What you need to know:
- Budget analysts recommend that access to timely and comprehensive information is crucial if the public is to meaningfully participate in decision making matters.
- The Public Finance Management (PFM) Act, 2012, mandates county governments to publish implementation reports within 30 days.
- The accountants’ body said there is a need for capacity-build auditing at county levels as fulcrums of accountability and prudent public expenditure management.
Governors have been urged to hasten reforms aimed at strengthening county public finance management systems by taking a leaf from pioneer county governments.
By doing so, finance experts have said, the county bosses will ensure prudent use of public funds and service delivery to residents.
Counties will also have to ensure that their devolved units publish information on their financial plans during the budget making process, which has not been the case.
Budget analysts recommend that access to timely and comprehensive information is crucial if the public is to meaningfully participate in decision making matters.
This information helps the public shape county budget priorities, discuss trade-offs with their representatives in the regional assemblies, and track whether the money is delivering on what was agreed upon during consultations.
The Public Finance Management (PFM) Act, 2012, mandates county governments to publish implementation reports within 30 days.
“All counties need to establish and strengthen the county budget and economic forums as stipulated by Section 137 of the PFM Act, 2012.
This is an important forum in facilitating consultations between citizens and county governments on matters planning, budgeting and overall economic advancement,” said the Institute of Certified Public Accountants of Kenya (ICPAK).
The accountants’ body said there is a need for capacity-build auditing at county levels as fulcrums of accountability and prudent public expenditure management.
“We note that a number of counties had already initiated efforts and even established these committees prior to the General Election.
However, we still have a lot to accomplish to ensure that audit committees are effective in the entire public sector,” said ICPAK chairman Julius Mwatu.
Equally, the County Government Act 2012 provides for county planning, including but not limited to principles and objectives of county planning.
Section 104 of the Act stipulates that a county government shall prepare a plan for the county and no public funds shall be appropriated outside the framework developed by the county executive committee and approved by the area assembly.
Section 108 provides for a five-year County Integrated Development Plan (CIDP).
“We note that some of the initial CIDPs (2013 – 2017) were not as consultative as envisaged by the constitutional provisions and relevant statutes,” ICPAK said.
“We urge new leaders to correct some of these anomalies and develop CIDPs that are truly reflective of the needs of citizens.

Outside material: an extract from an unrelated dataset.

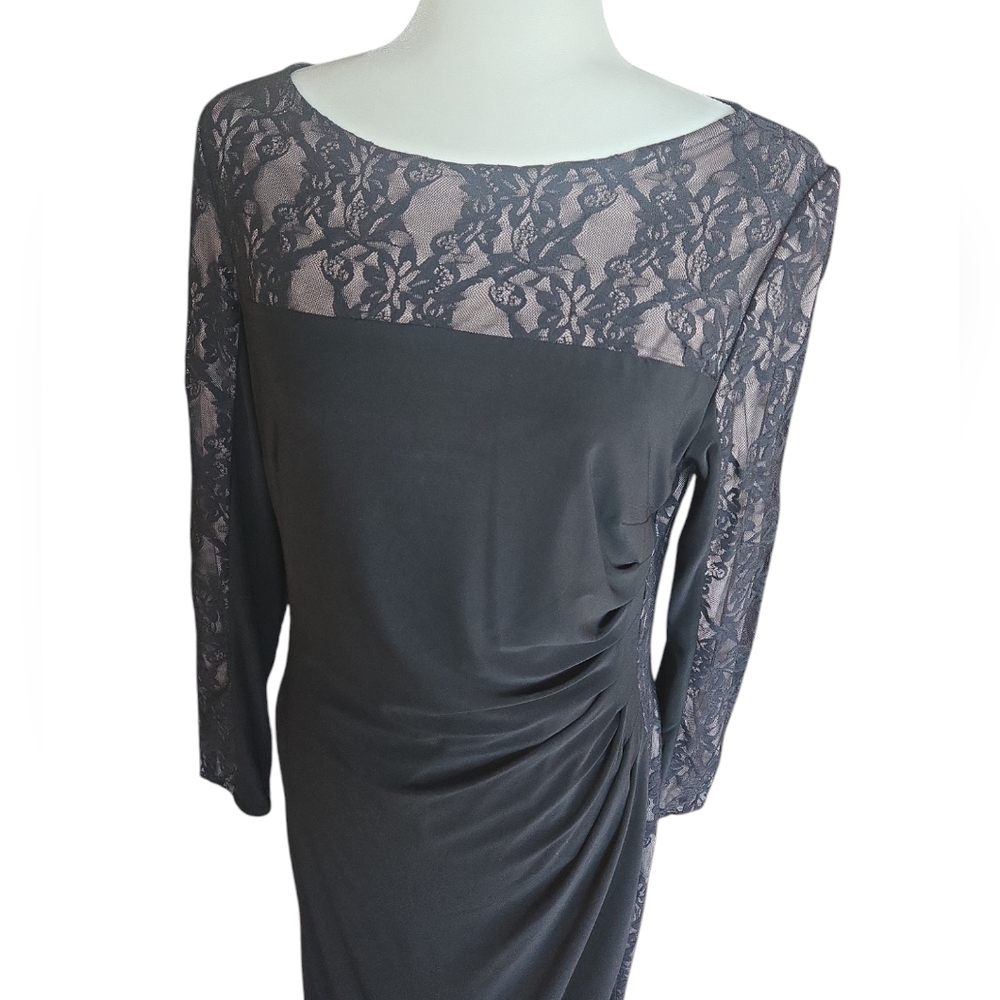 Ralph Laren Chaps Black Evening Dress - Picture 2 of 8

It’s only through this mechanism that we’ll be able to reap the benefits of devolution,” ICPAK noted.
A survey carried out by the International Budget Partnership (IBP) Kenya early this year revealed that most county governments do not publish their budget implementation reports on their websites.
The study done in February showed that, out of the 47 counties, only Kirinyaga and Baringo have released any budget implementation reports for the financial year 2016/2017.
The two counties had published first quarter implementation reports on their websites.
“Baringo County is unique in that it has been uploading its quarterly implementation reports, beginning with the first quarter in 2015/2016,” IBP Kenya said in its latest report released last month.
The report titled, “2016/2017 Budget Implementation in Kenya: Improving Performance, Continuing Transparency Challenges”, also indicated that the other county to have been uploading its quarterly implementation reports was Kirinyaga, but this had not been as consistent.
“While it published its first and second quarter 2016/2017 reports, it had not published any implementation reports prior to this,” IBP Kenya said.
The IBP Kenya budget analysts also noted that the available county reports vary in terms of the information provided.
The analysts point out that from the reports by the two counties, non-financial information on performance against targets is still very general.
Moreover, the data in these reports is not consistent with that of the Office of Controller of Budget reports, the analysts add.